• WORK INSTRUCTION:
An exact copy of every record below is needed, with all pictures removed.

• GIVEN RECORDS:
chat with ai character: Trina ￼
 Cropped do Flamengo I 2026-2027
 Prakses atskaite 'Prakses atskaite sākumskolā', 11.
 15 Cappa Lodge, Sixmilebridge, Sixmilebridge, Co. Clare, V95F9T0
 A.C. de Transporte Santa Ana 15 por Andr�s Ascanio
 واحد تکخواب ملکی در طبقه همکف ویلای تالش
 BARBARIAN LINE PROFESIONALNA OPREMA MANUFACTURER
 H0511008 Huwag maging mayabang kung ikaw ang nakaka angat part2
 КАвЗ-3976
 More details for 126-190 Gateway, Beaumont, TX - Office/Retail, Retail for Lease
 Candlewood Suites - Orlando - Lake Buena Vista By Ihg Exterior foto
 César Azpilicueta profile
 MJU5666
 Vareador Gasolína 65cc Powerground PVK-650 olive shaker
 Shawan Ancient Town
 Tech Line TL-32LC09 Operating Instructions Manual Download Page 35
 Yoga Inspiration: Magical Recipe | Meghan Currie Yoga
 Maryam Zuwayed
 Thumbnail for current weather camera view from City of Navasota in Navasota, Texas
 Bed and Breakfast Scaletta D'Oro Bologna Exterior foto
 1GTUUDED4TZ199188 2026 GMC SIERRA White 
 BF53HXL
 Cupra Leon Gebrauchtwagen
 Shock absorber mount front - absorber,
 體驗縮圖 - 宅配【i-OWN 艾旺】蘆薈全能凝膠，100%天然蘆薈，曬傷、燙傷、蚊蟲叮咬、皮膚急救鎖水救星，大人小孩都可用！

• OUTPUT OF THE EXERCISE:
chat with ai character: Trina 
 Cropped do Flamengo I 2026-2027
 Prakses atskaite 'Prakses atskaite sākumskolā', 11.
 15 Cappa Lodge, Sixmilebridge, Sixmilebridge, Co. Clare, V95F9T0
 A.C. de Transporte Santa Ana 15 por Andr�s Ascanio
 واحد تکخواب ملکی در طبقه همکف ویلای تالش
 BARBARIAN LINE PROFESIONALNA OPREMA MANUFACTURER
 H0511008 Huwag maging mayabang kung ikaw ang nakaka angat part2
 КАвЗ-3976
 More details for 126-190 Gateway, Beaumont, TX - Office/Retail, Retail for Lease
 Candlewood Suites - Orlando - Lake Buena Vista By Ihg Exterior foto
 César Azpilicueta profile
 MJU5666
 Vareador Gasolína 65cc Powerground PVK-650 olive shaker
 Shawan Ancient Town
 Tech Line TL-32LC09 Operating Instructions Manual Download Page 35
 Yoga Inspiration: Magical Recipe | Meghan Currie Yoga
 Maryam Zuwayed
 Thumbnail for current weather camera view from City of Navasota in Navasota, Texas
 Bed and Breakfast Scaletta D'Oro Bologna Exterior foto
 1GTUUDED4TZ199188 2026 GMC SIERRA White 
 BF53HXL
 Cupra Leon Gebrauchtwagen
 Shock absorber mount front - absorber,
 體驗縮圖 - 宅配【i-OWN 艾旺】蘆薈全能凝膠，100%天然蘆薈，曬傷、燙傷、蚊蟲叮咬、皮膚急救鎖水救星，大人小孩都可用！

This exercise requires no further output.